Grateful American® Foundation

July 1 — July 31, 2024

History Matters

Showing our children that their past is prelude to their future, with book recommendations

. Dwight D. Eisenhower’s Interstate Highway System

On July 7, 1919, three hundred military personnel boarded seventy-nine trucks, motorcycles; an assortment of other vehicles, and set out from Washington, D.C., to participate in the First Transcontinental Motor Convoy. Their mission was to test America’s transportation infrastructure by traversing the 3,200 miles from the capital to San Francisco. Sixty-two days later– after churning through mud and dust clouds; navigating quicksand, collapsing roads, and bridges, the battered company reached its destination, traveling at an average speed of six miles per hour. A young Dwight D. Eisenhower–then a young lieutenant colonel– who was in attendance, never forgot the ordeal, or the War Department’s warning that America was “absolutely incapable of meeting the present-day traffic requirements.”

Thirty-five years later–on July 12, 1954–Vice President Richard Nixon addressed a Governor’s Conference in Lake George, N.Y., on behalf of President Eisenhower.  The country was in a post-World War II boom; more people owned cars, but there were not enough roads to accommodate them. Reading from the president’s remarks, Nixon called for “a grand plan for a properly articulated system that solves the problems of speedy, safe, transcontinental traffic.”

On June 29, 1956, Eisenhower signed the National Interstate and Defense Highways Act into law. It linked, overhauled, and standardized 40,000 miles of highways/roads, and formed the framework for the Eisenhower Interstate System.

For more information, the Grateful American Book Prize recommends Charles U. Zug’s Dwight D. Eisenhower and the Federal Highway Act (2024).

Dwight D. Eisenhower signs H.R. 8127, to amend and supplement the Federal-Aid Road Act.

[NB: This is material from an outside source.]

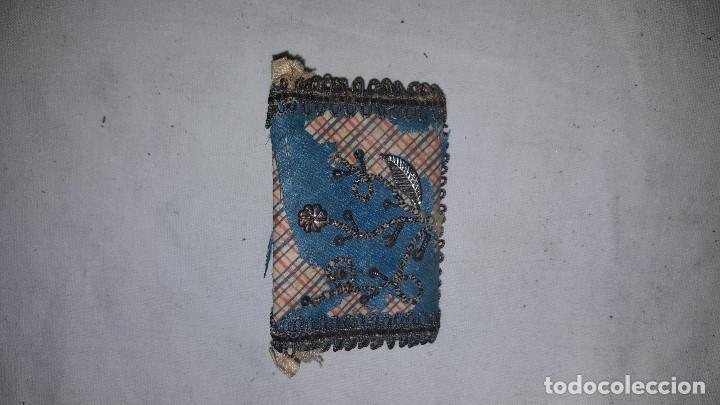 Vintage: SOBRECITO CARTAS CON ADORNOS DE PLATA - Foto 2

First Transcontinental Air Mail Service

Coast-to-coast road travel had proven to be difficult; often, it took months to get from point to point. Railways connected major cities and towns, but mail delivery to remote places was usually slow, dicey, and unpredictable. The Post Office had tried to institute a service in 1918, but there were still too many areas heavily dependent on weather, grass, or dirt airfields, mechanical issues, poor navigation equipment, and pilot competence.

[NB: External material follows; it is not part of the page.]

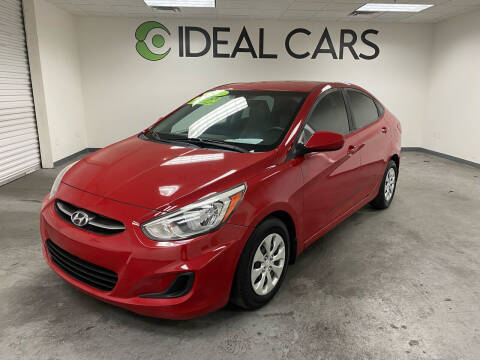 2016 Hyundai Accent for sale at Ideal Cars Apache Junction in Apache Junction AZ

Early experiments to bolster and broaden business had fallen through, and night flying was dangerous. In 1921, Congress was close to eliminating it. Finally, on February 22nd of that year, air mail was given a jump start when four biplanes lifted off carrying sacks of mail from San Francisco heading east, and to New York traveling west.

The pilots intended to operate in relays–day, and night–but severe weather shut two down two of the routes, and a third plane crashed. Commander Jack Knight, however, took to the skies after hours for airfields that were illuminated by bonfires–or not at all. Eventually, he was nicknamed the “hero who saved airmail,” and Congress re-instated its funding.

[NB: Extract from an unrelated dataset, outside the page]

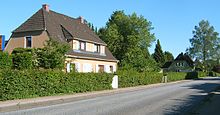 Residential houses in Gartenstadt (lit. garden city) Berne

In the summer of 1924, with a regular series of beacons secured to facilitate nocturnal departures, regular transcontinental air mail service was linked—at last—across the continent.

For more information. the Grateful American Book Prize recommends Barry Rosenberg’s and Catherine Macaulay’s, Mavericks of the Sky: The First Daring Pilots of the U.S. Air Mail (2006).

Airmail Pilot Wesley L. Smith, 1922.


History Matters is a feature courtesy of the Grateful American Book Prize, an annual award for high quality, 7th to 9th grade-level books dealing with important moments in history.